I recently saw "The Story of the Weeping Camel," and it is a must see for mothers. I cried sweet tears of lovely emotion. I do think crying is okay while pregnant as long as it is not hot bitter tears - those should be avoided. The mother camel is so beautiful and moody. She does not rejoice in her maternalness but falls prey to a kind of removal of herself from her mama identity. It is her first calf and she cannot bring herself to mother it after a painful and long labor.

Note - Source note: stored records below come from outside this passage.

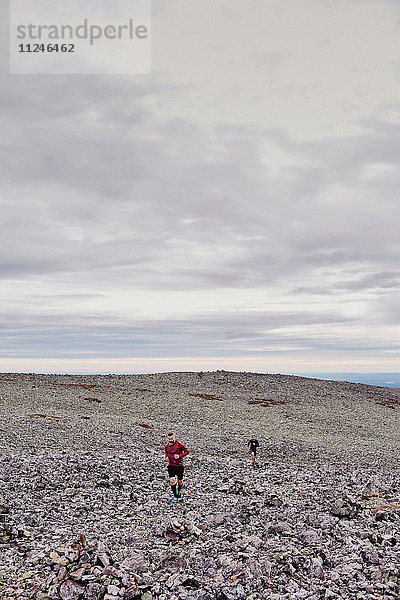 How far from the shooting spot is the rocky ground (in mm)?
10898

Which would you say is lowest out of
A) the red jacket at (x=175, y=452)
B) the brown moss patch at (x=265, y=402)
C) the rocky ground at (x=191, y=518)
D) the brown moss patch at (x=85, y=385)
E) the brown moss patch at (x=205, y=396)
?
the brown moss patch at (x=265, y=402)

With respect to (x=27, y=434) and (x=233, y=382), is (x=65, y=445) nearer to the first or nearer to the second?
(x=27, y=434)

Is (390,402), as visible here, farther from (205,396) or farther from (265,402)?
(205,396)

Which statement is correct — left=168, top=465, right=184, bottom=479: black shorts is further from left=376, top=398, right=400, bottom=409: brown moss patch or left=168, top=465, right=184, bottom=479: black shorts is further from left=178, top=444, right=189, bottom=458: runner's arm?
left=376, top=398, right=400, bottom=409: brown moss patch

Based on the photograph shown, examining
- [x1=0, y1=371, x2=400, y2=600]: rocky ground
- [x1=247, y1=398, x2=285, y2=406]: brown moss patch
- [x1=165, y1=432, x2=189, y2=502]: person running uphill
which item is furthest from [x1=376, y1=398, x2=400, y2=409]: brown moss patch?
[x1=165, y1=432, x2=189, y2=502]: person running uphill

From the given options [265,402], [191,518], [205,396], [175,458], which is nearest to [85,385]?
[205,396]

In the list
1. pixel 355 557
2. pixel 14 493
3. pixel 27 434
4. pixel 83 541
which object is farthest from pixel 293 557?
pixel 27 434

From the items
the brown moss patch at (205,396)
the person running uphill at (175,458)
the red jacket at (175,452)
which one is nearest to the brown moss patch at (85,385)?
the brown moss patch at (205,396)

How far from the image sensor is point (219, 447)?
30.5m

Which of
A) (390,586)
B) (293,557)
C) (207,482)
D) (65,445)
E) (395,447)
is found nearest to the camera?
(390,586)

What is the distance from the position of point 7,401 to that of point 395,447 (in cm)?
4251

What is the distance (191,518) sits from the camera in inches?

I hope that when my baby is born I'll look into her eyes and fall in love. I already love her. But I do understand how confusing it is to first become a mother and lose yourself a bit. I feel moments of ecstasy in this pregnancy. Lots of the other moments are uncomfortable and a teeny bit depressive. Why is my life so different? I miss jumping running lying on my back, sleeping without having to get up 4 times to pee. I long for brie and chocolate mousse and eggs benedict and coffee and red wine and campari other unlawful stuff. I am so emotional. My clothes don't fit. My brain is foggy. It's not so bad, though. After all I shed a million tears praying for this baby and now my dreams are coming true.

Friday, August 05, 2005

Week 13

I finally gave in and called the doctor about my bladder infection. He reprimanded me for not calling sooner. "Cranberry juice does not cure infections." Really? the internet said it does. I went in to give the doctor some pee and left with an antibiotics prescription.

The real problem is water: I cannot drink it much. I used to drink tons of water, I loved water. Now even a few sips makes me nauseas. I may be carrying a desert nomad type of baby. Or a lizard.

I have to get serious about this infection, so I increased the cranberry juice, water, everything. Then, I puked it all out a few hours later. The puke was all red from the juice. Pretty puke.

I felt disgusting. How do bulemics do it? I ate 2 cookies and went to bed. Aaron was in Toronto. He's been away both times I've vomitted. I have no witnesses.